--- START ---

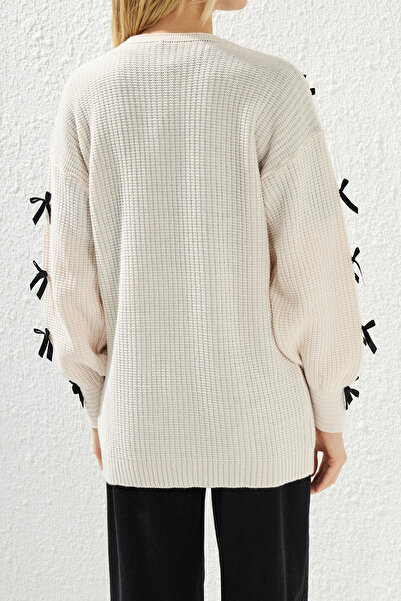 Edit by Trendyol Svetr s šedou stuhou a výstřihem do V Cardigan Tedaw25Th00008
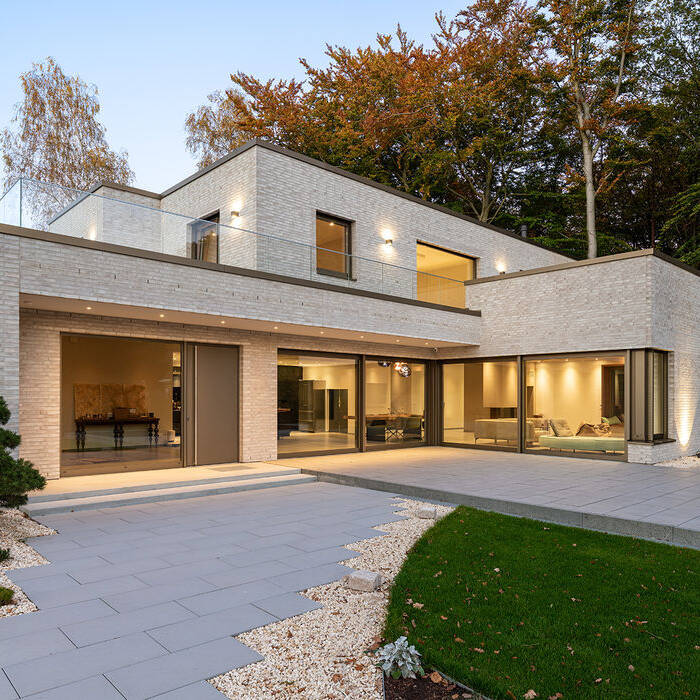 20211028_ESF_TSC9383-1_15_700pixel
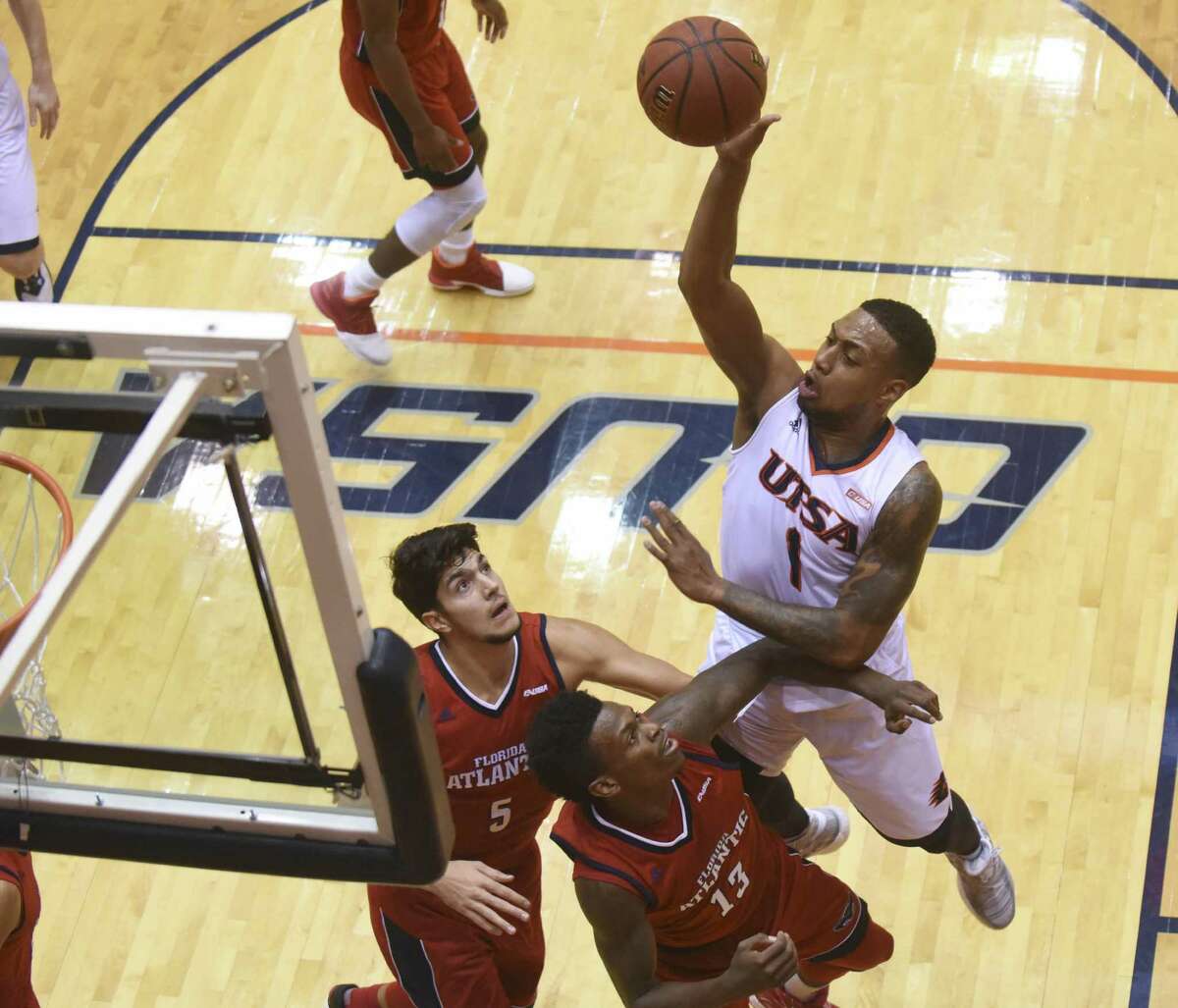 Jeff Beverly of UTSA shoots over William Pfister (5) and Marcus Neely (13) of Florida Atlantic during college basketball action in the UTSA Convocation Center on Thursday, Jan. 12, 2017.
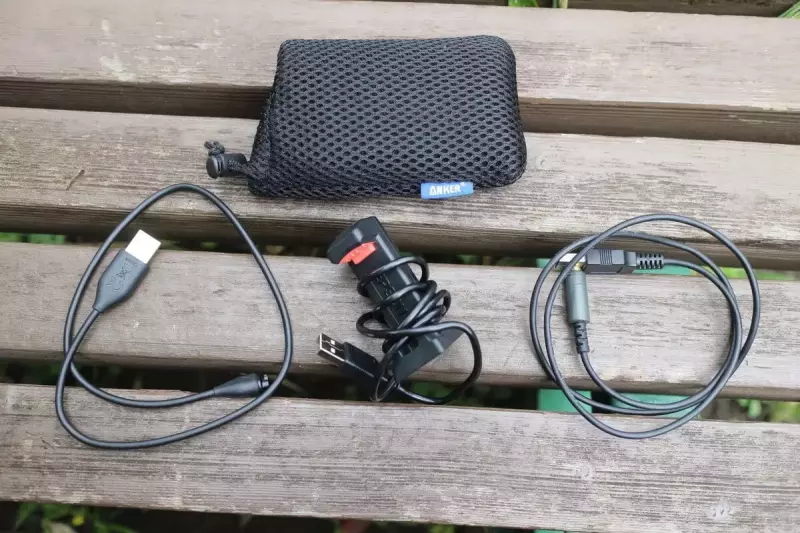 アウトドア スマートウォッチ 充電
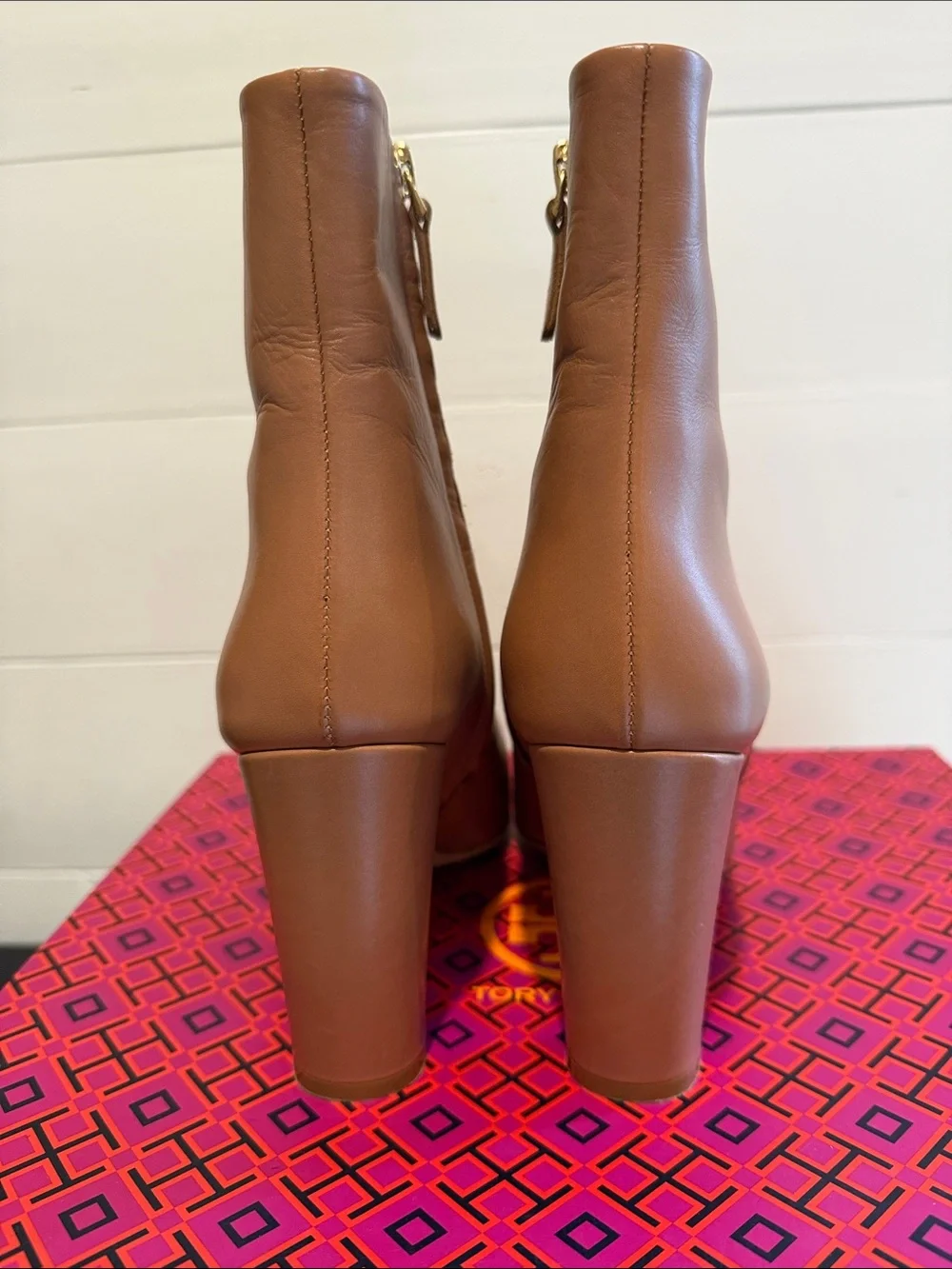 Tory Burch Gigi 70mm Stretch Ankle Boot in Fudge Size 7.5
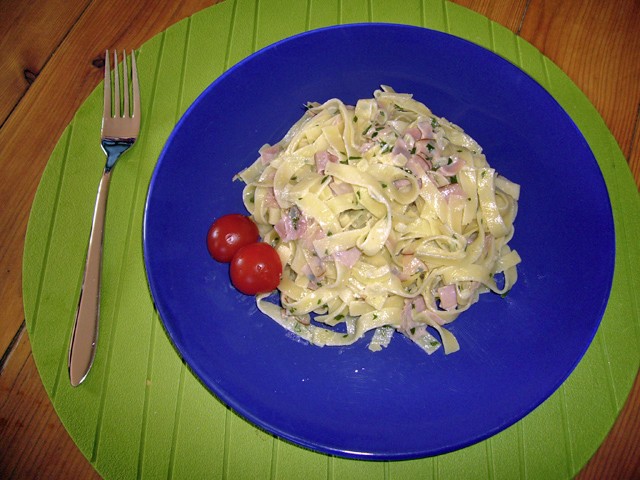 Bandnudeln mit Kräuterrahm und Schinken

--- END ---

THE TASK: Retype the lines exactly as they appear, beginning with the line that contains "20211028_ESF_TSC9383-1_15_700pixel" and ending with the final line of the entries, and omit the pictures.

WRITTEN RESPONSE:
 20211028_ESF_TSC9383-1_15_700pixel
 Jeff Beverly of UTSA shoots over William Pfister (5) and Marcus Neely (13) of Florida Atlantic during college basketball action in the UTSA Convocation Center on Thursday, Jan. 12, 2017.
 アウトドア スマートウォッチ 充電
 Tory Burch Gigi 70mm Stretch Ankle Boot in Fudge Size 7.5
 Bandnudeln mit Kräuterrahm und Schinken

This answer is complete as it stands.